Mario Igrec offers a standard, one-pass tuning, or a two-pass pitch raise for a small additional fee depending on the pitch and anticipated stability of the piano.

Tunings for concerts and recordings are available with or without an extended prep service that includes lubrication, small corrections in action regulation, damper tuning, and spot voicing.

Please make the piano accessible from all sides, provide sufficient room to pull out the action if necessary, and remove all objects from the lid prior to the scheduled appointment.

Click here to schedule an appointment.


The standard pitch today is 440 Hz (vibrations per second) for the middle A. Some modern pianos, however, were designed for a higher pitch. Bösendorfer, for example, recommends A 442. When a piano is tuned below its optimal pitch, it loses its tonal luster and its voicing becomes less even. Tuning to or close to the standard pitch is a requirement if the piano will be used with other instruments, especially those that can't be tuned (e.g. marimba, vibraphone, celesta, etc), or those that can be tuned only within a narrow pitch range (e.g. all woodwind and brass instruments). Let us know if you prefer a particular pitch.

Humidity and Temperature

Concert technicians learn to tune stage pianos slightly sharp in the middle to compensate for the warming of the piano by stage lights. They also slightly detune unisons, anticipating a greater drop in pitch in right-most strings during the performance. If your piano sits under (or, worse, over) an A/C vent, near a radiator or window, or gets hit by direct sunlight even for just a few minutes every day, the piano will react just as it does under stage lights, and the tuning will constantly change.

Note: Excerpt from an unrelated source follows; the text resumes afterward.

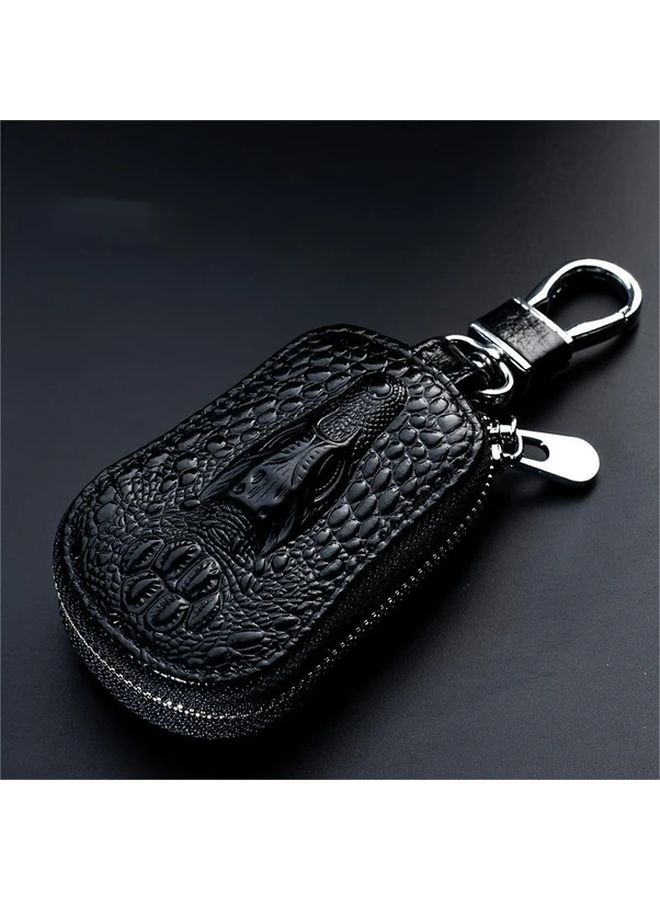 Brown Leather Men Key Holder Zipper Waist Bag For Car Keys - Image 5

Whereas temperature has an almost immediate, but limited effect on the tuning, changes in humidity have more pronounced long-term effects. The piano soundboard is under a controlled amount of compression, exhibited by its upward curvature or crowning: it flattens out in dry weather and swells up during the humid season. These changes—known to throw the pitch of the middle A by as much as a quarter tone or more—affect the tenor and middle sections much more than the low bass and treble, causing the intervals between the bass and middle sections to expand, and those between the middle and treble to contract. The result is an unbearably bad tuning. Interestingly, once the humidity returns to its original levels, a well-performed tuning tends to return close to its original state.

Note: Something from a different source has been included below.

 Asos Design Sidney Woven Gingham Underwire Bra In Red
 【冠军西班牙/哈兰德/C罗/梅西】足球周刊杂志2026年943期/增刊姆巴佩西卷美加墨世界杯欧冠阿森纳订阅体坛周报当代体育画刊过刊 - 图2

For more information on the effects of humidity and temperature, and how to control them, see the Maintenance page.

What Time of Year Is Best for Tuning?

If your piano is well protected from the swings in humidity and temperature, any time will work. If it isn't, the best time is a couple of weeks into the longest season with most stable climate conditions. In the South of the United States, for example, that tends to be between April and May, after air conditioning has started running continuously, and around December 1 when the heating is likely to be needed for the next two or three months.

How Often Should I Get My Piano Tuned?

If you tightly control humidity and temperature, a fine tuning can last a year or longer, but when humidity and temperature change, even the most rock-solid tuning will be thrown out within days or hours. The best advice is to keep humidity and temperature as constant as possible. Your piano will stay in tune longer, and when you get it tuned won't matter.